→ **Supplied records**
▬▬▬

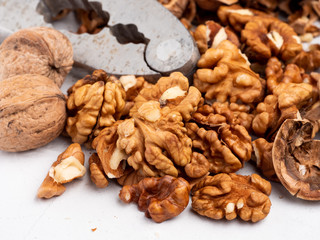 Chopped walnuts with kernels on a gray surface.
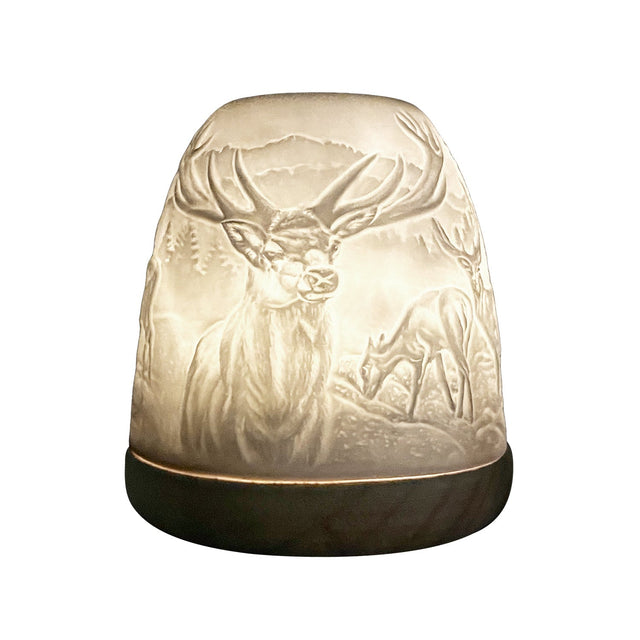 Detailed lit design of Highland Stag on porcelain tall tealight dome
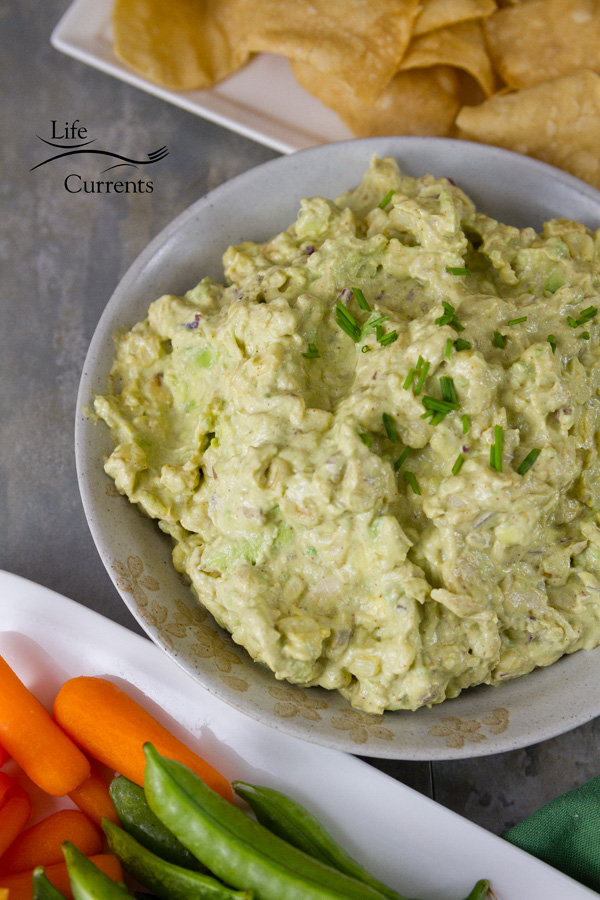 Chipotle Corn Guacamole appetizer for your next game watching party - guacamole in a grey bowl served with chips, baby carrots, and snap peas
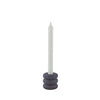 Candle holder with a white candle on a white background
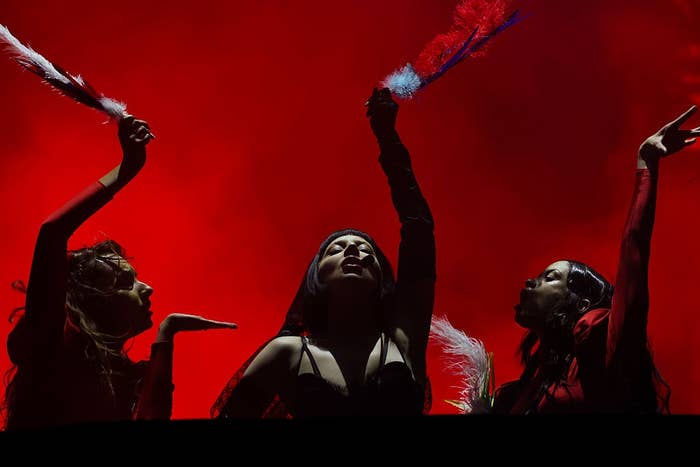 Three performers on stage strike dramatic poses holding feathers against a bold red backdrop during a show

▬▬▬

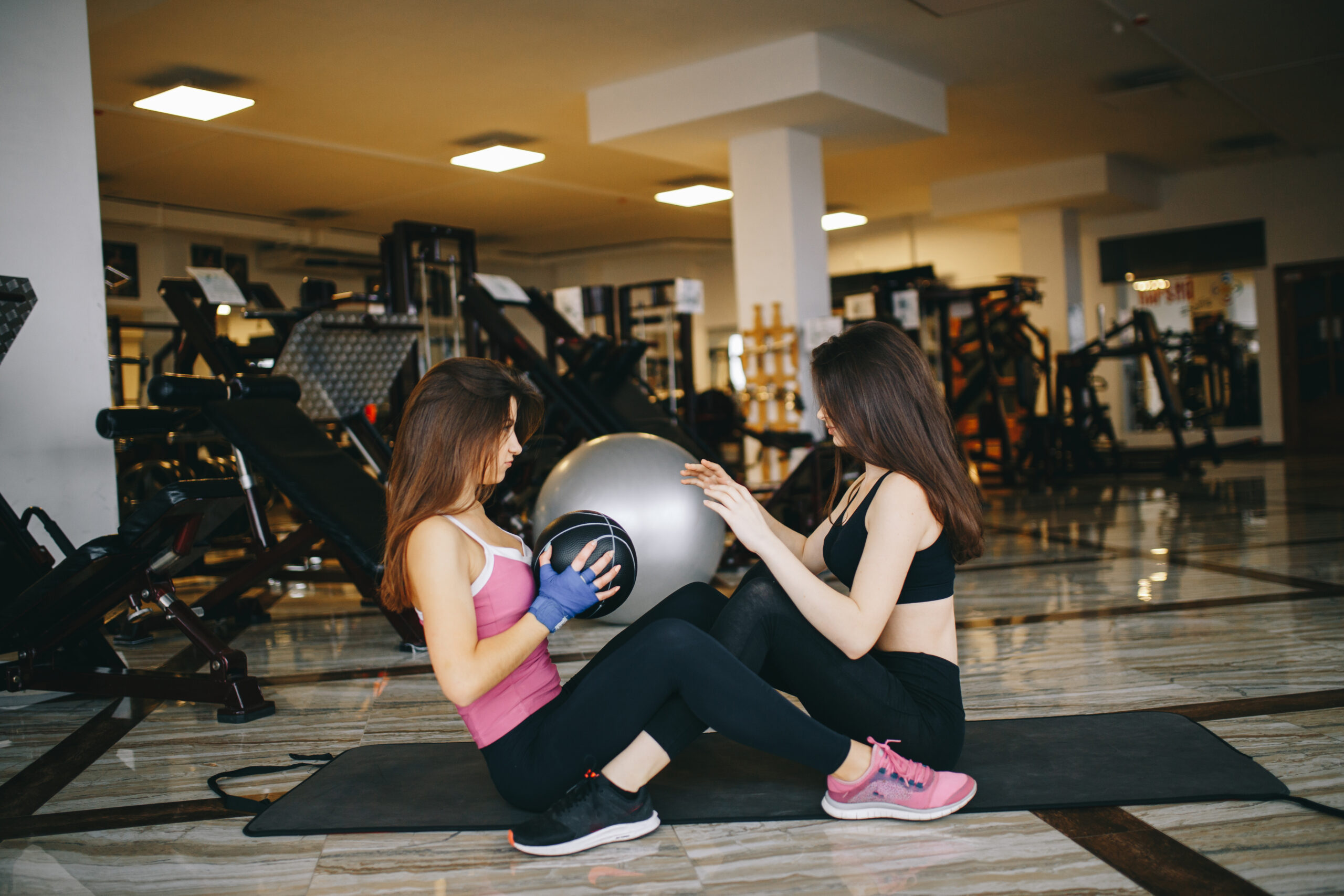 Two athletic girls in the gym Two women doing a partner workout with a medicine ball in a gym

▬▬▬

→ **Prompt**
Set the pictures aside and reproduce exactly the lines above, from the line holding "Chipotle Corn Guacamole" through the line holding "Candle holder with", both included, with nothing else.

→ **Result**
 Chipotle Corn Guacamole appetizer for your next game watching party - guacamole in a grey bowl served with chips, baby carrots, and snap peas
 Candle holder with a white candle on a white background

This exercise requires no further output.